# Equipment And Additives For First Mead - Advice Please



## moovet (6/2/10)

Hi all,

I am a beekeeper getting started with meadmaking. I have some very aromatic tasty urban honey I think would make great mead but have been seriously confused about advice I have received today for brewing my first batch.

I have bought Ken Schramms book and was going to follow his instructions to the letter for my first batch. I bought a 20L plastic fermenter and a similar size carboy and was planning to initially ferment in the plastic container and then rack it into the carboy. I wasn't going to add any fruit or anything for my first one.

After I bought my stuff I went into a different winemaking shop where the lady told me the recipe in the book was wrong for the following reasons:

1) Need to add some acid before the yeast is pitched if not using Orange blossom honey as in the recipe
2) Should ferment in the glass carboy not a plastic container and minimise racking
3) Stir/oxygenate every couple of days when fermenting
4) Said a 1:1 ratio of honey to water should be used.
5) If I am going to rack, I should do it when the SG is >1.030 not between 1.010 and 1.030 as advised in the book as the yeast is unlikely to continue fermentation in the second container.

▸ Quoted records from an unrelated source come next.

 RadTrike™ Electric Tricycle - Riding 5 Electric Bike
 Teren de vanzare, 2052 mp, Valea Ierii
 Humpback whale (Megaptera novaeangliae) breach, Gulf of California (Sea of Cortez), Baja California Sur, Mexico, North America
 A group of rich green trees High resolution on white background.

I came away pretty confused about what I should or shouldn't be doing. Have I got the right equipment to get started? Will the plastic fermenter be
OK for the task? The yeast I am using is the Lalvin 71b recommended in the book. Will that be Ok with a different varietal of honey?

I was going to put this batch down tonight as I am going to NZ for a week and thought I wouldn't need to do much with the brew in the first week anyway. She has me worried that I should be stirring and sampling it every couple of days until it is racked. She offers a pH test and taste test so see if it needs more acid but I read somewhere in this forum (Brewer Pete) I think that said that mead naturally becomes more acidic anyway or has buffer issues.

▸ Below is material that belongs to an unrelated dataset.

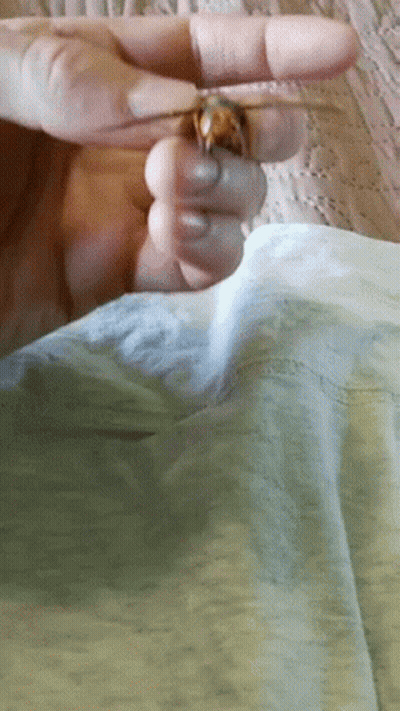 Person Holding A Ring GIF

Anyway, I would really like to put down this brew from the book tonight if I could but otherwise I will wait till I am back. Alternatively I could set up two brews using both of these and then rack down to smaller demijohns and have a bit of a play with mixing and matching.

Any help and advice appreciated.

Cheers,


Geoff


----------



## MHB (6/2/10)

People have been making mead longer that we have known how to write about it, so relax.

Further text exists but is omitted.